# Some thoughts for our times



## Madman (Jan 5, 2008)

My cousin sent this to me the other day. I don't know yet if she composed it or if it is floating around the internet. But I found it inspirational.


Are there any mom and pop toy stores left? If so, let me know.
Something to think about-Jen

Christmas 2011 -- Birth of a New Tradition

As the holidays approach, the giant Asian factories are kicking into
high gear to provide Americans with monstrous piles of cheaply produced
goods -- Merchandise that has been produced at the expense of American labor.
This year will be different. This year Americans will give the gift of
genuine concern for other Americans. There is no longer an excuse that, at gift
giving time, nothing can be found that is produced by American hands.
Yes there is!

It's time to think outside the box, people. Who says a gift needs to
fit in a shirt box, wrapped in Chinese produced wrapping paper?
Everyone -- yes EVERYONE gets their hair cut. How about gift
certificates from your local American hair salon or barber?

Gym membership? It's appropriate for all ages who are thinking about
some health improvement.

Who wouldn't appreciate getting their car detailed? Small, American
owned detail shops and car washes would love to sell you a gift certificate
or a book of gift certificates.

Are you one of those extravagant givers who think nothing of plonking
down the Benjamins on a Chinese made flat-screen?
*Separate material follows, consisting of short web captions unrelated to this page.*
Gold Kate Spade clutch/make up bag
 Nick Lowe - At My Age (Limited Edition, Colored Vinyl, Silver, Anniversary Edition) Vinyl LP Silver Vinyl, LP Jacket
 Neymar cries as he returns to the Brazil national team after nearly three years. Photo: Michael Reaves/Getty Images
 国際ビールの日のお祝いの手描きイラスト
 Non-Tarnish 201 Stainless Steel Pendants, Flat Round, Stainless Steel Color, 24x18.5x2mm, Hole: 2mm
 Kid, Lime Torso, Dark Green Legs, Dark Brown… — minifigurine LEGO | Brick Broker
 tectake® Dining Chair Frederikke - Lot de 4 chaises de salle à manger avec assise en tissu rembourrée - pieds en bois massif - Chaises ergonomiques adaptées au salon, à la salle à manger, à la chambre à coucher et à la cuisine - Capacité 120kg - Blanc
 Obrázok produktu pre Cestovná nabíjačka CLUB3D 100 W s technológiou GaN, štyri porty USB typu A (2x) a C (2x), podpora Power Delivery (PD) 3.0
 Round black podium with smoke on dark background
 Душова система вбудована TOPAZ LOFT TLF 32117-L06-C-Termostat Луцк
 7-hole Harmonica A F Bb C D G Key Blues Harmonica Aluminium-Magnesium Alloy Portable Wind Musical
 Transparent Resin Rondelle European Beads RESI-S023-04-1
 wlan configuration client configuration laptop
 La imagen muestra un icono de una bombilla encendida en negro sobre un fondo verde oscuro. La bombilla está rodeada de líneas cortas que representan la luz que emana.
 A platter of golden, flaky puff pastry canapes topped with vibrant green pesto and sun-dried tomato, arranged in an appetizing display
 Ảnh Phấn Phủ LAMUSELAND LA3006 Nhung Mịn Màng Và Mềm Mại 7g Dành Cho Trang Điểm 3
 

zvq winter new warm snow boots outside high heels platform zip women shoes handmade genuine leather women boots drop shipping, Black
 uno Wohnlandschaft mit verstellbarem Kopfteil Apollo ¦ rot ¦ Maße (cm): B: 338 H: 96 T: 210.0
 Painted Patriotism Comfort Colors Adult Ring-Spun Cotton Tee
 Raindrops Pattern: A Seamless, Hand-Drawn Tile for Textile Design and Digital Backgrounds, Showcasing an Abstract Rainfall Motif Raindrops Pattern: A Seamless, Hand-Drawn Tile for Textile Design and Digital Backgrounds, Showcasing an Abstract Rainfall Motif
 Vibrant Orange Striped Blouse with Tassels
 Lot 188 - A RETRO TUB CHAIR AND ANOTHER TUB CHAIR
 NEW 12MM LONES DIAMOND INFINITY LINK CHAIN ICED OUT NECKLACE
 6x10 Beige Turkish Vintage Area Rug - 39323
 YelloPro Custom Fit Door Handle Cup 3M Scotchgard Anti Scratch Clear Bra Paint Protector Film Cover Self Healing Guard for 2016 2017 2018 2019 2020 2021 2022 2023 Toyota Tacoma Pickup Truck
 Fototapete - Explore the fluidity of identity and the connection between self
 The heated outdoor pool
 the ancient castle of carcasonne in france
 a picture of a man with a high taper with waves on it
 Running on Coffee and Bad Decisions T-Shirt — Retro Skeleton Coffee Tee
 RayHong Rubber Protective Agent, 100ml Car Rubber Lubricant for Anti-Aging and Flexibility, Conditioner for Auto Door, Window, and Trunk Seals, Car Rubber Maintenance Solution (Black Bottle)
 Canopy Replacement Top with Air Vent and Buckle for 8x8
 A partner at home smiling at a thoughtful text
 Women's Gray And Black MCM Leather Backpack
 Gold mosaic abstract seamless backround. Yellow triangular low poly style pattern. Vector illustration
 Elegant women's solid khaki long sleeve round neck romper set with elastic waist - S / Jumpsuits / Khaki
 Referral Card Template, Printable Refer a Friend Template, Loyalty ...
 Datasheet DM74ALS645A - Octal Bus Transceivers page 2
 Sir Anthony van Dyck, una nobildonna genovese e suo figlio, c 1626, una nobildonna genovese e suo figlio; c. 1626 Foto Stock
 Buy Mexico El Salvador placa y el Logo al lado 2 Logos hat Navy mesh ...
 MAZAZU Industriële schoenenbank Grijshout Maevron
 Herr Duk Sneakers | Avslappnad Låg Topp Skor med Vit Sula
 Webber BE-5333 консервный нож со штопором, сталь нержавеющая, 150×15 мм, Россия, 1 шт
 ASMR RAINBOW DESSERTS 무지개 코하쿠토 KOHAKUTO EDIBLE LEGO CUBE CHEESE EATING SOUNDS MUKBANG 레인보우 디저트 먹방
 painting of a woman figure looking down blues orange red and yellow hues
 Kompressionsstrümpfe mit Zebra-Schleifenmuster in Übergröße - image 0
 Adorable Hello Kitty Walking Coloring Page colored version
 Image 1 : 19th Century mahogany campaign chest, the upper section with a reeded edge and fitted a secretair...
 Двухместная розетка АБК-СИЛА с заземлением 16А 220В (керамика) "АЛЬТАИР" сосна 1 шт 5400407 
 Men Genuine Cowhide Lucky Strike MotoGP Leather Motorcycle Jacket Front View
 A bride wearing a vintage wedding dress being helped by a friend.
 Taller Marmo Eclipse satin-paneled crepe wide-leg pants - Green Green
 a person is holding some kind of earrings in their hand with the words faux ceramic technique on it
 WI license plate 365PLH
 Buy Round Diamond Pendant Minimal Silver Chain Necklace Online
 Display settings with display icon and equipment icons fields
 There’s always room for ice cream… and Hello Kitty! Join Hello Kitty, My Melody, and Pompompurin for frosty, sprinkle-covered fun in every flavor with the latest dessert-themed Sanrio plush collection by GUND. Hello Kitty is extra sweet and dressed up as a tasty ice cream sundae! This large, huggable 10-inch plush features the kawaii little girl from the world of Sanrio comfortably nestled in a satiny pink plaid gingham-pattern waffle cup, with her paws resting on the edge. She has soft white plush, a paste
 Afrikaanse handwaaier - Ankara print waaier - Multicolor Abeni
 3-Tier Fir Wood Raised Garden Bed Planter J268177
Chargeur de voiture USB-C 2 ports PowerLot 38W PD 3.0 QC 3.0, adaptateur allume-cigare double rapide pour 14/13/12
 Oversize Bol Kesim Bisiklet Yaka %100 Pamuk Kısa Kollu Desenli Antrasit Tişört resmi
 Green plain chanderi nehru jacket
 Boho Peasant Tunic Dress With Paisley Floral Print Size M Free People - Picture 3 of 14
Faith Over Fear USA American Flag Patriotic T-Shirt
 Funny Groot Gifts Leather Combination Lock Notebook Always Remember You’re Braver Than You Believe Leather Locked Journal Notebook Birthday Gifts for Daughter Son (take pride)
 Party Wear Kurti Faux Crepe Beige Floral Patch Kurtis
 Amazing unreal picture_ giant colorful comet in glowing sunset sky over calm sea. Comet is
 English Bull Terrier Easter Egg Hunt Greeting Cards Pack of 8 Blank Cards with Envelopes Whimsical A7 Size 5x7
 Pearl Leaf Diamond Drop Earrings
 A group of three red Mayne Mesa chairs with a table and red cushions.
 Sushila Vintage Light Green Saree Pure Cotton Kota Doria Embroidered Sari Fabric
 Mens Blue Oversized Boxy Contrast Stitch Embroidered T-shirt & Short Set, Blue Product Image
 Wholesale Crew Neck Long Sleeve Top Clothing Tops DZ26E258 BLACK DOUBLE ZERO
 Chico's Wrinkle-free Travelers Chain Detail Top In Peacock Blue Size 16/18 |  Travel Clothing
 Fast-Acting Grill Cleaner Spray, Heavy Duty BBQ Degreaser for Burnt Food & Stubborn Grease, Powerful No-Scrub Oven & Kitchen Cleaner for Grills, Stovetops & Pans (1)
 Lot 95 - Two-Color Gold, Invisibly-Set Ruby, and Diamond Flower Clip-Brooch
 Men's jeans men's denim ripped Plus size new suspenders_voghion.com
Perhaps that grateful gift
receiver would like his driveway sealed, or lawn mowed for the summer,
or driveway plowed all winter, or games at the local golf course.

There are a bazillion owner-run restaurants -- all offering gift
certificates. And, if your intended isn't the fancy eatery sort, what
about a half dozen breakfasts at the local breakfast joint. Remember, folks
this isn't about big National chains -- this is about supporting your home
town Americans with their financial lives on the line to keep their doors
open.

How many people couldn't use an oil change for their car, truck or
motorcycle, done at a shop run by the American working guy?

Thinking about a heartfelt gift for mom? Mom would LOVE the services of
a local cleaning lady for a day.

My computer could use a tune-up, and I KNOW I can find some young guy
who is struggling to get his repair business up and running.

OK, you were looking for something more personal. Local crafts people
spin their own wool and knit them into scarves. They make jewelry, and
pottery and beautiful wooden boxes.

Plan your holiday outings at local, owner operated restaurants and leave
your server a nice tip. And, how about going out to see a play or
ballet at your hometown theatre.

Musicians need love too, so find a venue showcasing local bands.

Honestly, people, do you REALLY need to buy another ten thousand Chinese
lights for the house? When you buy a five dollar string of light, about
fifty cents stays in the community. If you have those kinds of bucks to
burn, leave the mailman, trash guy or babysitter a nice BIG tip.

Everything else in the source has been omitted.